In our well-regulated and carefully-choreographed city-dwelling lives, we are not used to being at the mercy of the elements.  Months of dumping rubbish from pockets and car windows (“someone will pick it up”) wreaks havoc in the form of blocked drains and lifted manhole covers.

The analogies to the Christian faith are many and varied.  Am I a conduit for the water of life, or am I blocking the flow?  Do I bring refreshment to dry and dusty lives or do I wreak havoc with an uncaring, unfocused spraying of good tidings to all and sundry?

The ministry of Jesus was extremely focused.  His death and resurrection was for everyone, of course, and God’s love is for all.  But that love was not sprayed around the deserts of Israel as if from a burst pipe or a flooded river.  For one who had so little time and a whole world to save, how could Jesus stop by a well in Samaria, take time out for a wedding in Cana, or touch a leper on the side of the road?  But he did.

Floods happen; burst pipes are a reality of modern living, but they are not the norm.
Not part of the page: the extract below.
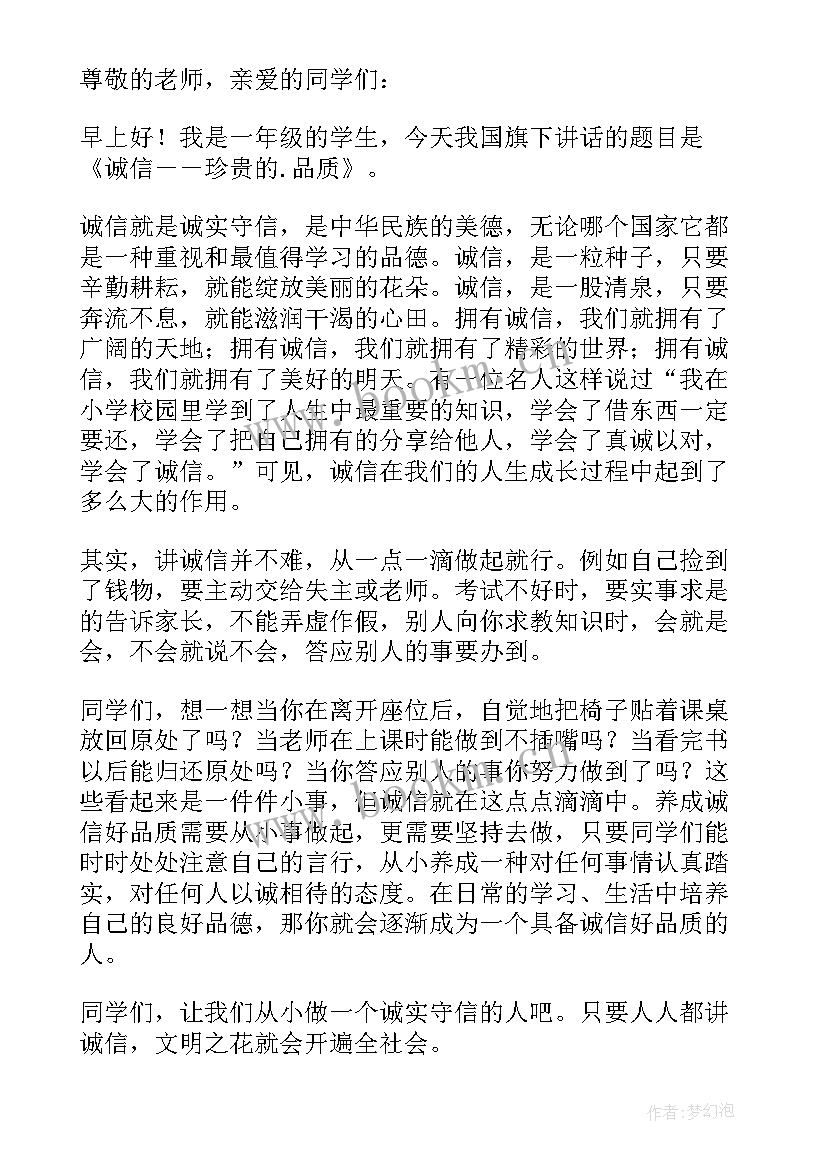 最新一年级演讲稿(实用7篇)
Five thousand people are fed, and another 4,000, but that was more a question of Jesus dealing with people and situations as they presented themselves.  When a flood happens we deal with it, but we don’t go looking for it.  Love’s way, it seems, is to reach out to neighbour, stranger and friend struggling with pain and thirst, unloved and unwanted, displaced and disempowered.

Large groups are so much easier, less personal and require minimal engagement.  I was at an outside table at the foot of a busy escalator. How simple it would have been to stand in the middle of the concourse with a Bible in one hand and a loudhailer in the other, proclaiming God’s love or the end of the world.  Perhaps among the crowds there would be someone who needed to hear such a message proclaimed like that.  But each member of the ever-moving throng is an individual who is loved by God.  And the message that Jesus lived and proclaimed is that God cares about each and every one.  Each of us, in our uniqueness and in the complexities of our smaller or larger communities, is loved, and has a place in the family and in the plans of God.  That message, more often than not, is best conveyed through a cup of water rather than a hosepipe or a raging flood.

We must, of course, spend time focused on the source of the life-giving water, but we must also focus on where it is needed, who is to receive it and how best to get it there.

Lord, you give us the water of life,
And what a gift for our dry and dusty lives.
W
e hold on to it;
We nurture it, protect it, and enjoy it.

But your life reminds us that it is not the water that matters.
The water is given to create and nourish friendships;
To bring healing and hope to 
our neighbours and strangers and friends.
It is they who are the gifts you ask us to nurture, protect and enjoy.

As we open our hearts and lives to those around us
so the water of life begins to flow among us.
Dry and dusty lives are watered, and thirsts are quenched;
Deep wounds are cleansed, and broken lives made whole.

Lord, there are strangers in this place.
Is that because I am a stranger too?
Teach me the way of friendship.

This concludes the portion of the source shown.